On the one hand, Twitter’s interest in streaming the TNF games makes sense, as recently returned CEO Jack Dorsey has publicly stated that a top 2016 priority is live streaming, including leveraging its Periscope product. The 10 TNF games give Twitter a marquee property to highlight live streaming, which complements Twitter activity around all games. And Twitter already had a deal in place with the NFL for highlight clips.
Defensively, the move also makes sense for Twitter as Facebook has also made live streaming a priority and is itself investing in differentiated content. Facebook Sports Stadium, launched earlier this year, is positioned as a real-time space to engage with friends around live sports events and will no doubt evolve as a bigger threat to Twitter going forward. Meanwhile YouTube is poised to enter live streaming imminently through the release of its YouTube Connect feature.
All of that said, the deal is still a bit of a head-scratcher. Today’s announcement clearly says that Twitter has streaming rights across “mobile phones, tablets, PCs and connected TVs.” But back in 2013, the NFL signed a 4-year deal with Verizon for $1 billion that also gave Verizon rights to stream to phones. I’ve reached out to both the NFL and Twitter for clarification of how the new TNF deal’s rights align with Verizon’s.
This is a critical issue because Twitter itself says that 80% of its usage is now on mobile (same as with Facebook, which is why I thought Verizon’s rights were an impediment to Facebook’s TNF interest). For Twitter, the value of TNF largely comes down to mobile consumption of the game. Any mobile restrictions due to the preexisting Verizon deal that diminish Twitter’s mobile reach make the deal’s payoff more uncertain.

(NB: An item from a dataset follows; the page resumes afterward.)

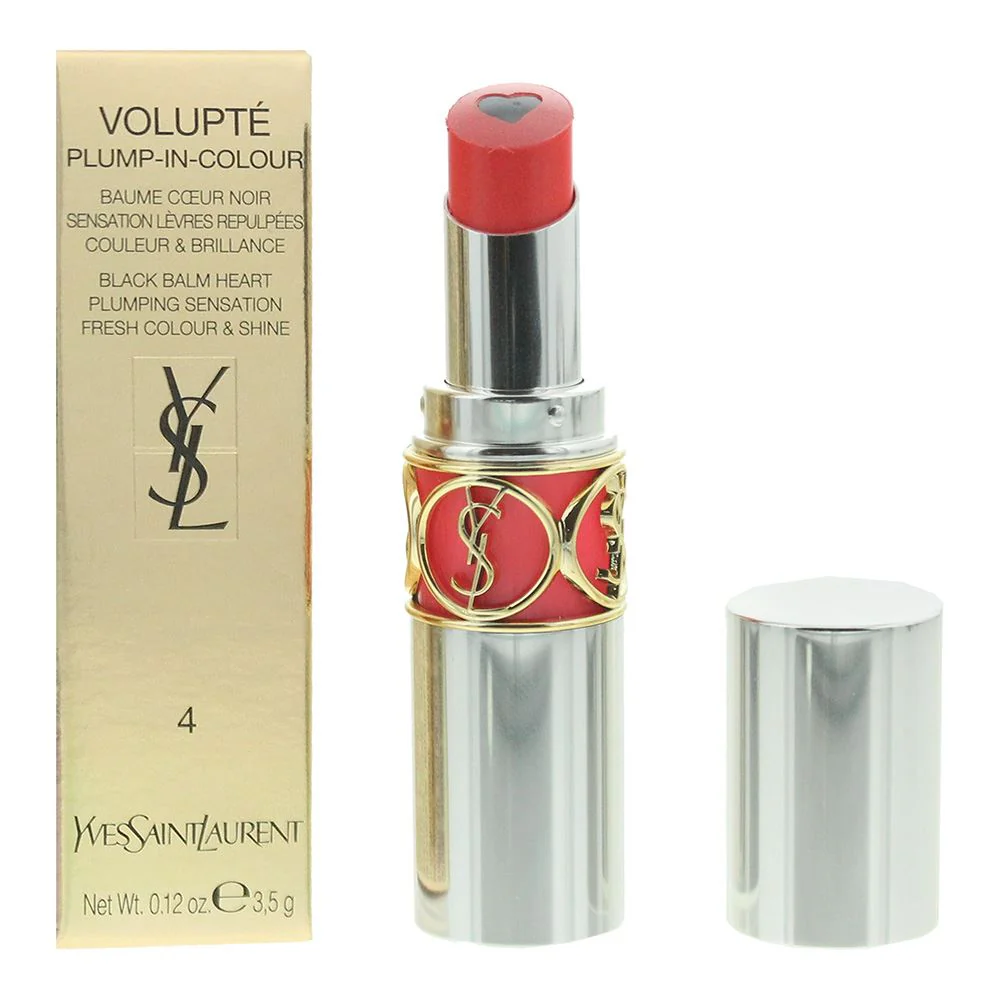Yves Saint Laurent Volupte Plump-In-Colour 04 Exposing Coral Lip Stick 3.5g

But even assuming unfettered mobile rights, there are still unknowns around users’ interest in consuming a 3-hour plus game on a mobile phone, especially if it’s a blowout. Add to this mobile data caps and expensive plans that inhibit long-form viewing on mobile devices absent WiFi and it’s even murkier how intensively the TNF games will be watched. This is one reason I thought Verizon had an edge - by controlling its own mobile network, it could have carved out game viewing from data usage (as long as the FCC didn’t cry foul).
It’s important to keep in mind that Twitter will actually be the fourth way fans can watch the games, under the NFL’s clever “Tri-Cast” distribution approach with CBS and NBC splitting broadcasts and NFL Network simulcasting. The broadcasters can also stream the game to authenticated users giving them another outlet. So Twitter will be battling for every single viewer who may be drawn to these other options instead. Such is the power of the games that the NFL is able to sell the rights to multiple parties.
Last but not least, according to Twitter, 79% of its user base is international. There’s no doubt the NFL has an international following, but is it substantial enough to draw big numbers?
So bottom line, there are many variables for Twitter in the TNF deal. Ultimately, can the games help expand Twitter’s user base, which is the key knock on the company, or will it mainly draw existing users? Will TNF substantially expand Twitter activity around the games beyond what was already occurring? And can Twitter monetize the games to generate an ROI? (this was ultimately Yahoo’s Achilles Heel).
Despite all of the questions, I still give Twitter credit for taking a big swing with TNF and trying to innovate with marquee live content. How it ultimately pays off is unknown, but the deal once again reflects how dynamic the online video, TV and sports industries are currently.